However, if the parties wish the seller to be responsible for the unloading of the goods from the arriving means of transport and to bear the risks and costs of unloading, this should be made clear by adding explicit wording to this effect in the contract of sale'.

This term may be used irrespective of the mode of transport when goods are to be delivered at a land frontier When delivery is to take place in the port of destination, on board a vessel or on the quay (wharf), the DES or DEQ terms should be used.

 

DES    DELIVERED EX SHIP (... named port of destination)

"Delivered Ex Ship" means that the seller delivers when the goods are placed at the disposal of the buyer on board the ship not cleared for import at the named port of destination. The seller has to bear all the costs and risks involved in bringing the goods to the named port of destination before discharging. If the parties wish the seller to bear the costs and risks of discharging the goods, then the DEQ term should be used-

This term can be used only when the goods are to be delivered by sea or inland waterway or multimodal transport on a vessel in the port of destination.

 

DEQ    DELIVERED EX QUAY (... named port of destination)

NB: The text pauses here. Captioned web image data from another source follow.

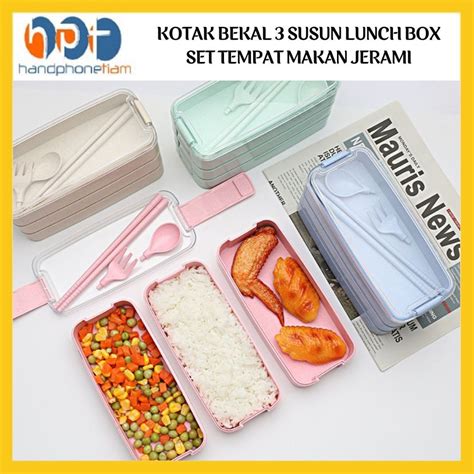 Jual Kotak Bekal 3 Susun Tempat Makan Tiga Tingkat Free Sendok Garpu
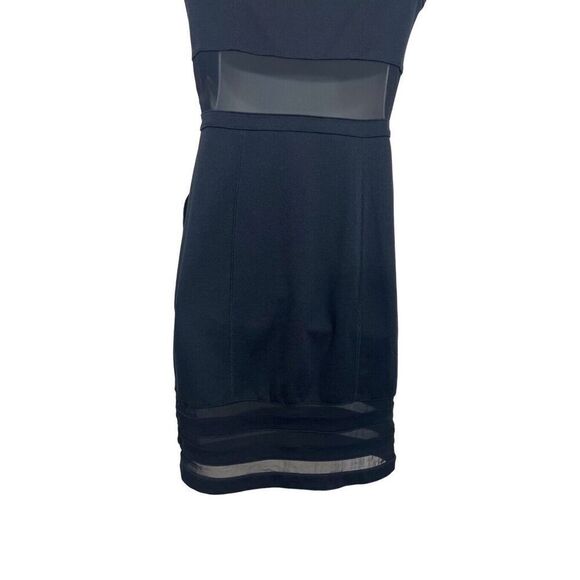 BCBG Cocktail Dress Size 2 Black Sheer Cutout Panel Midi Party A Line Sleeveless - Picture 6 of 13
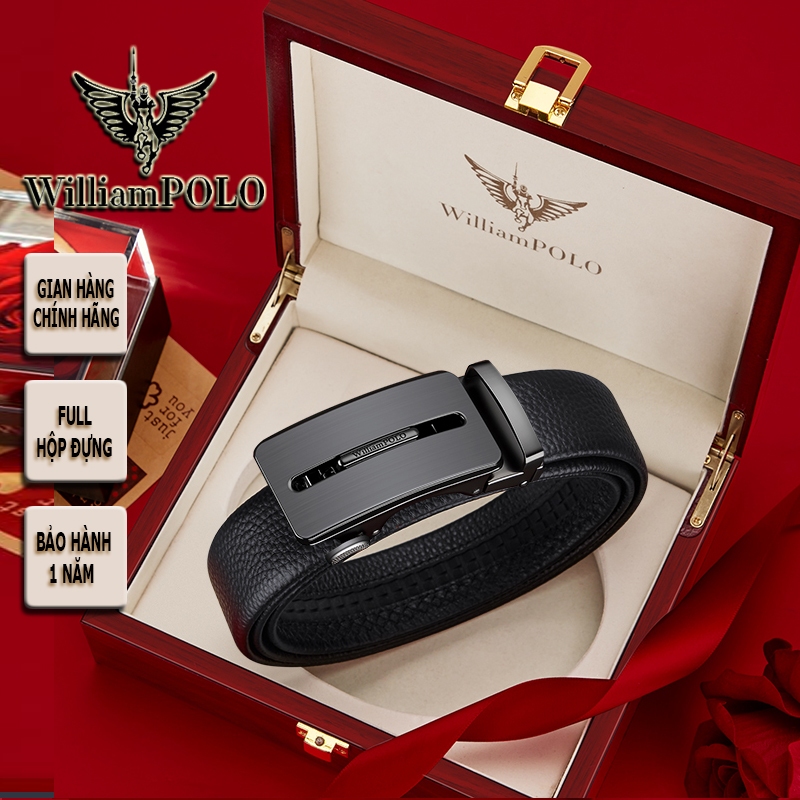 Thắt lưng nam cao cấp hàng hiệu WilliamPOLO chất liệu da bò FULL hộp GỖ túi xách POLO21797 P-Z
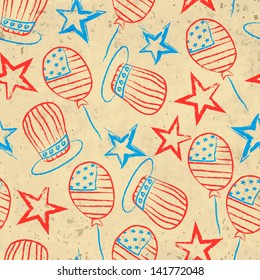 Seamless pattern for 4th of July, American Independence Day.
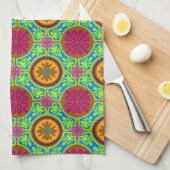 明るいアステカタイル キッチンタオル (四つ折り)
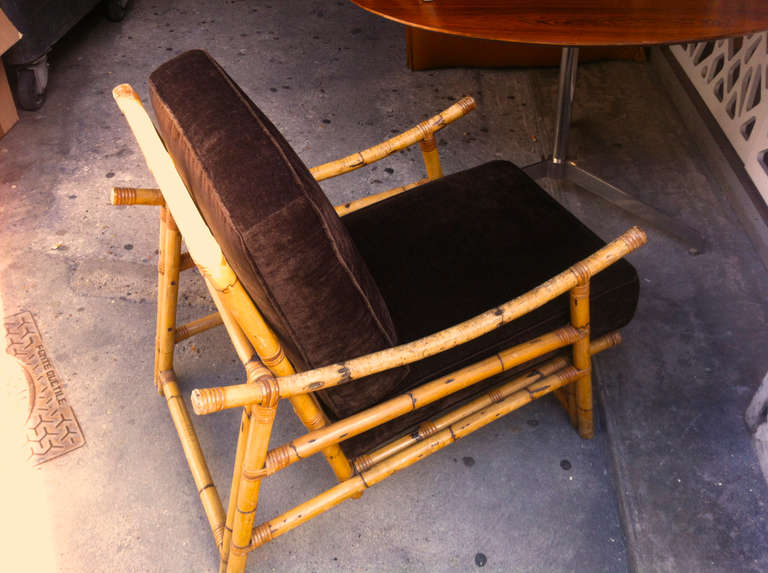 Mid-20th Century 1950s French Riviera Pair of Lounge Chairs in Rattan For Sale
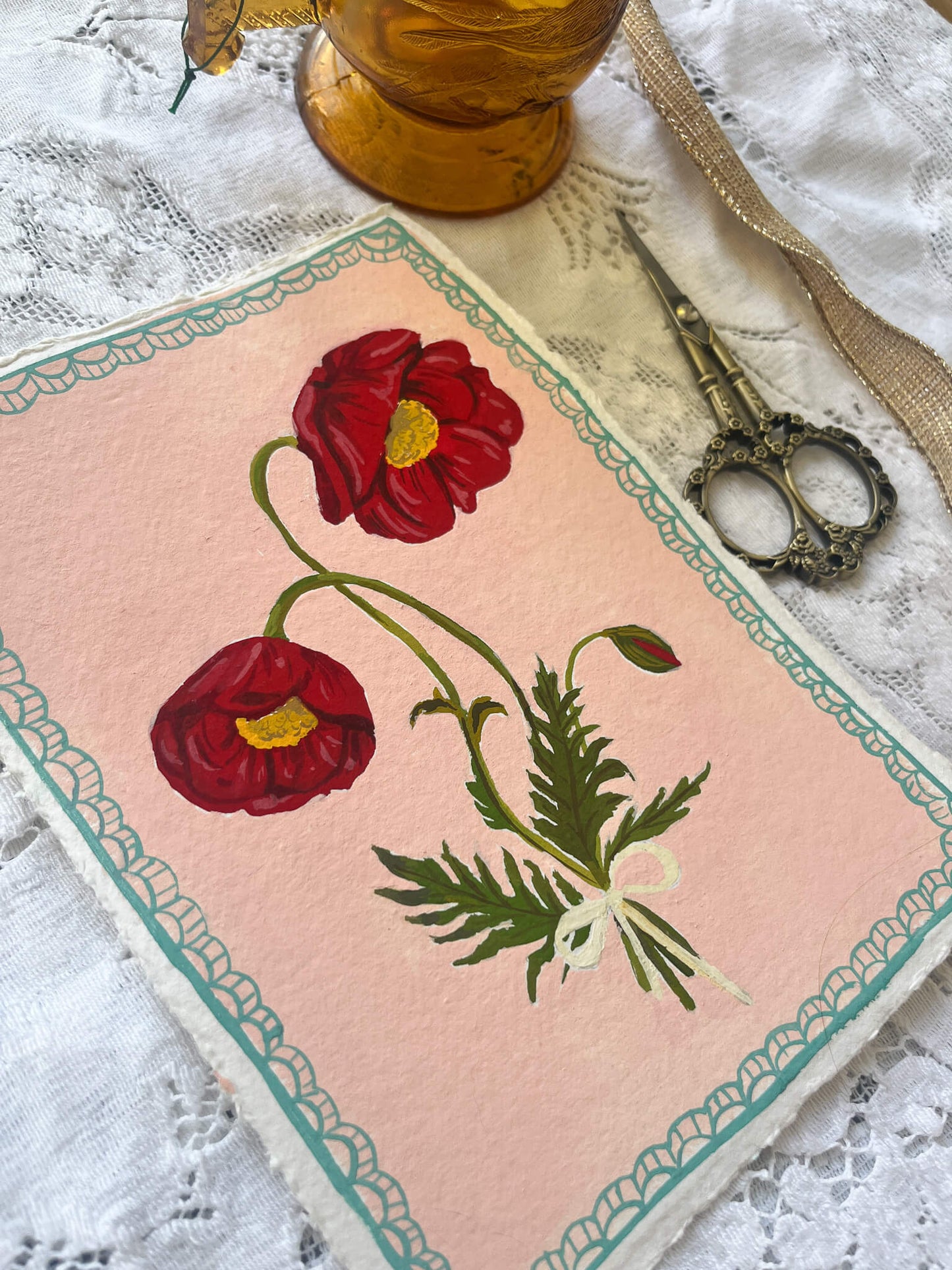 Original August Birth Month Flower Art – Poppy Flower Painting on Handmade Watercolor Paper – Hand-Painted Vintage Botanical Wall Art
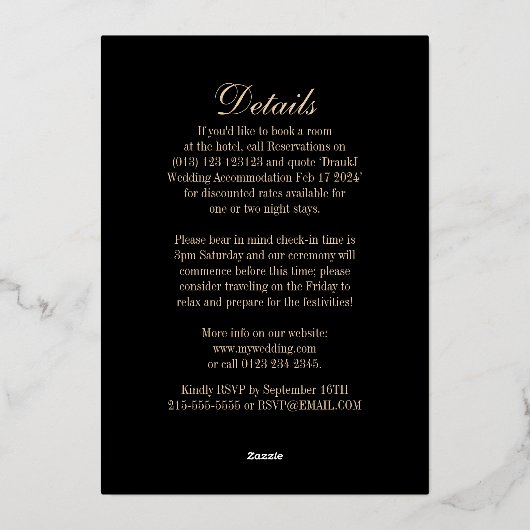 Minimale Elegante Zwart Goud Wit Bruiloft Folie Uitnodiging (Achterkant)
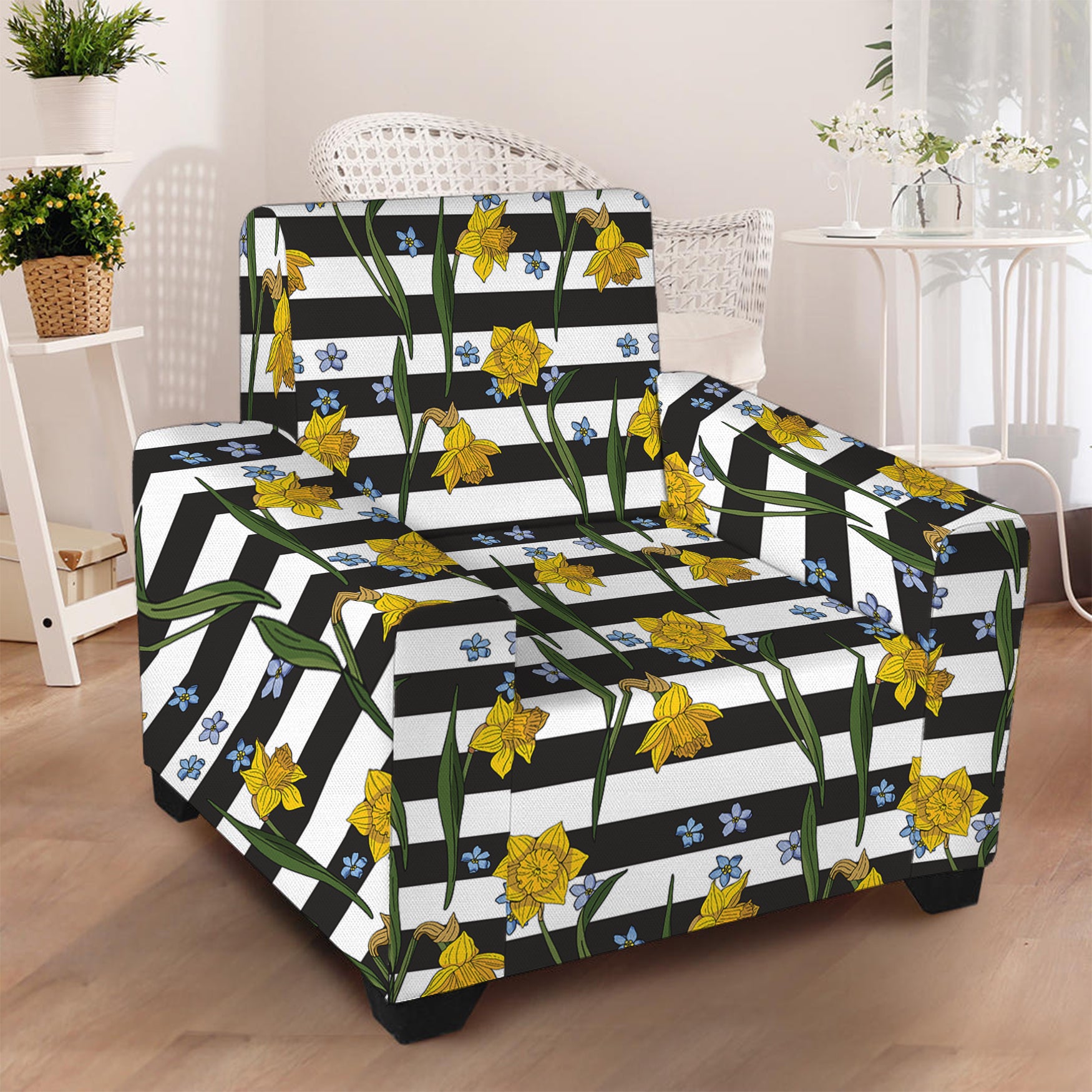 Yellow Daffodil Striped Pattern Print Armchair Slipcover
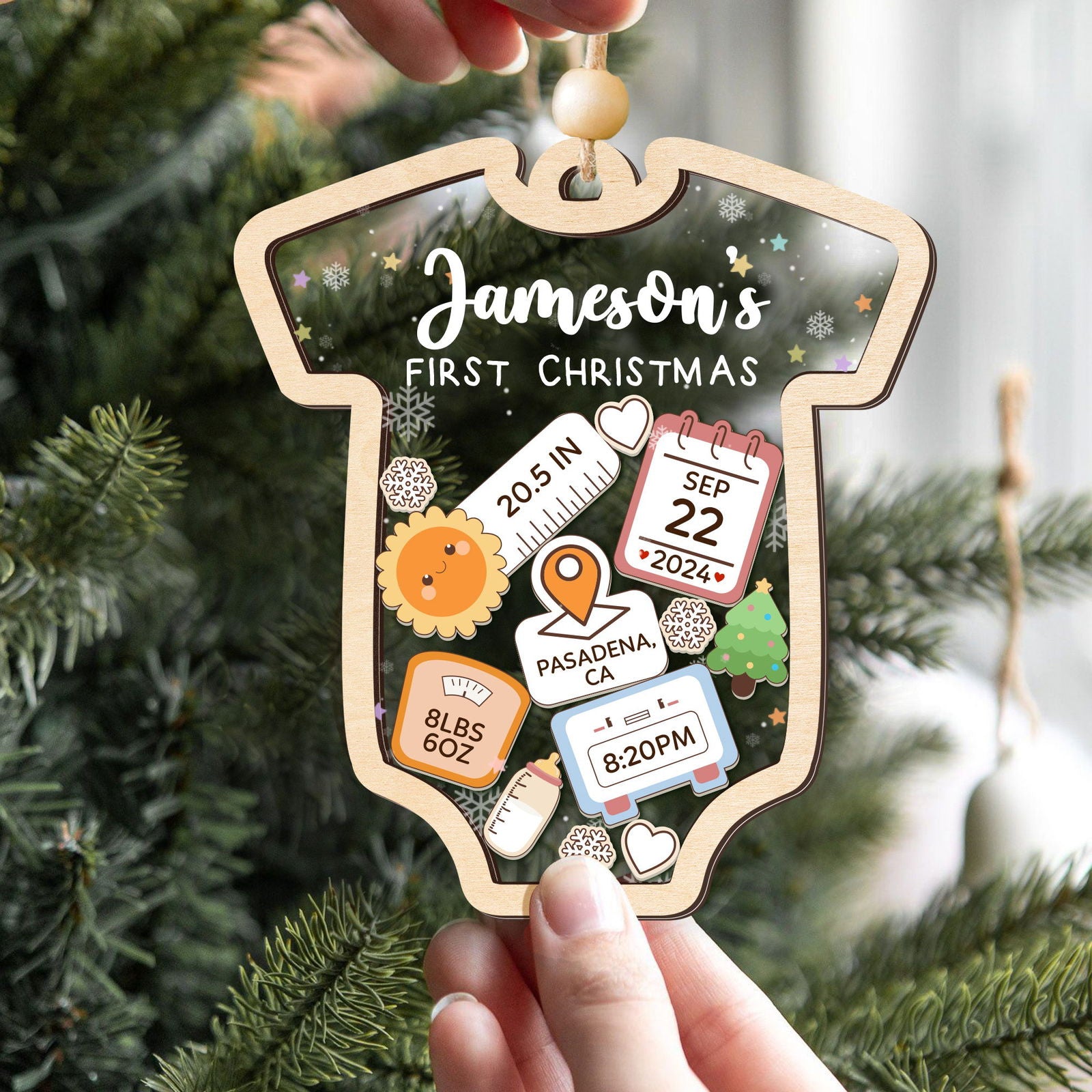 Personalized Baby 1st Christmas Ornament, Baby's First Christmas Ornament 2024 CF143 - Kindlytoys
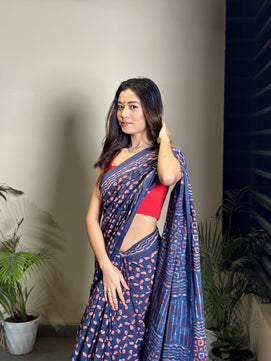 Dhalti Raat ( Stary Night In Dessert) - Bagru Natural Dyes Handblock Printed - Cotton Mulmul Saree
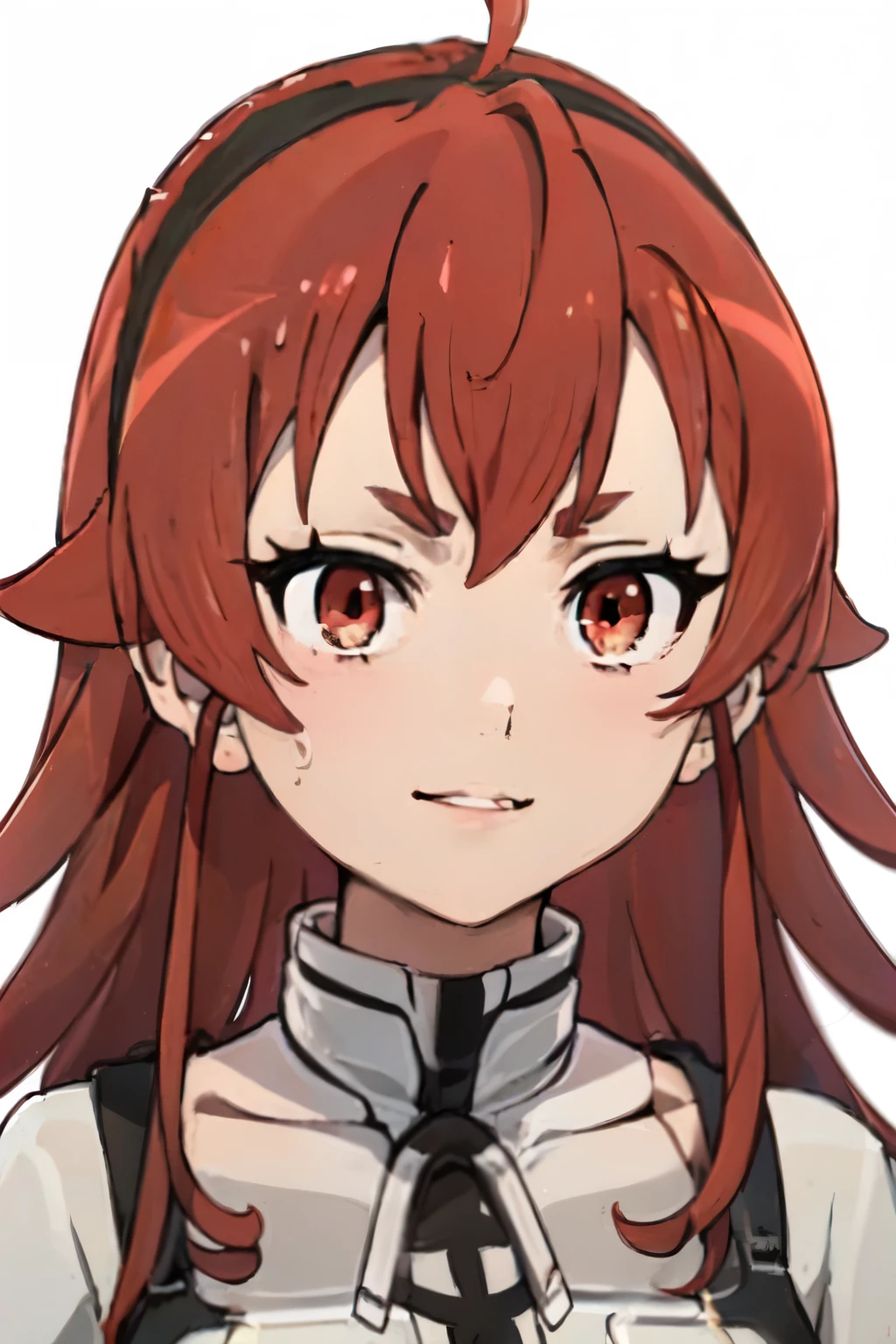 ((best quality)), ((masterpiece)), (detailed), perfect face. Asian girl. Red hair. Red eyes.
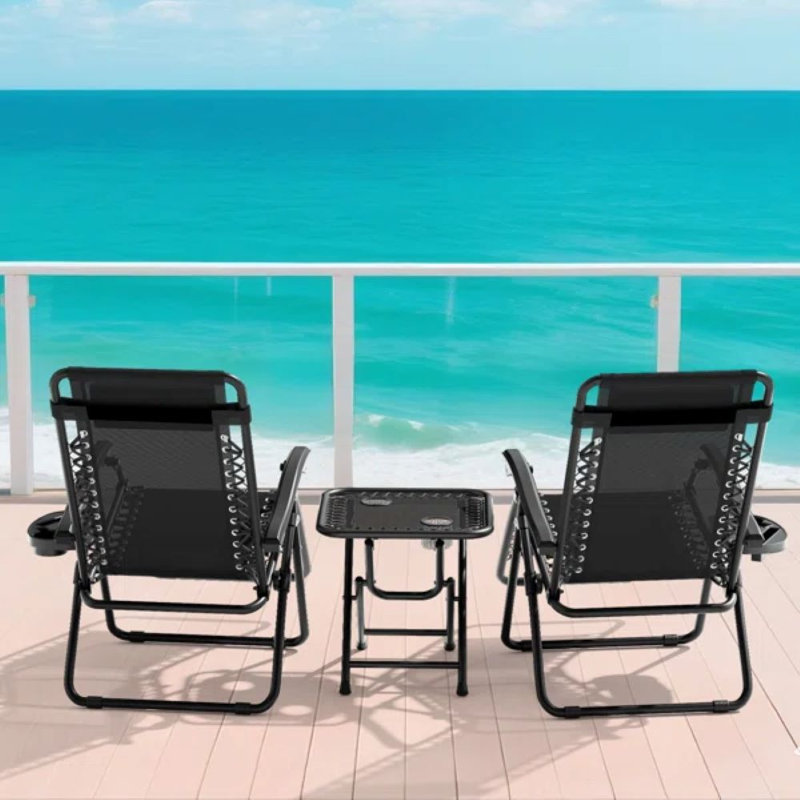 Set of 3 Folding Zero Gravity Reclining Chair Set with Side Table, Lounge Chairs Set with Headrest, Black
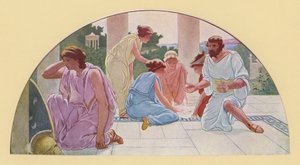Achilles w przebraniu uczennicy odkryty przez Odyseusza (kolorowa litografia)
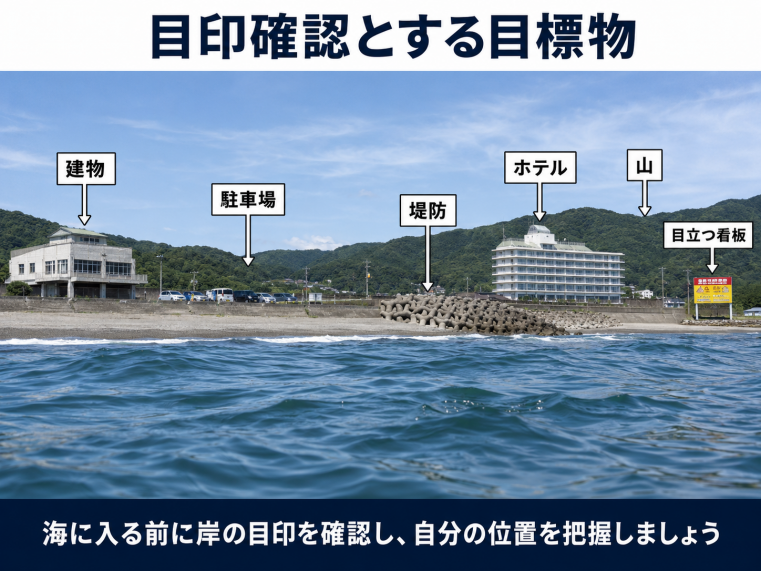 海上から自分の位置を確認するための岸の目印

"Delivered Ex Quay' means that the seller delivers when the goods are placed at the disposal of the buyer not cleared for import on the quay (wharf) at the named port of destination. The seller has to bear costs and risks involved in bringing the goods to the named port of destination and discharging the goods on the quay (wharf). The DEQ term requires the buyer to clear the goods for import and to pay for all formalities, duties, taxes and other charges upon import.

THIS IS A REVERSAL FROM PREVIOUS INCOTERMS VERSIONS WHICH REQUIRED THE SELLER TO ARRANGE FOR IMPORT CLEARANCE.

If the parties wish to include in the sellers obligations all or part of the costs payable upon import of the goods, this should be made clear by adding explicit wording to this effect in the contract of sale.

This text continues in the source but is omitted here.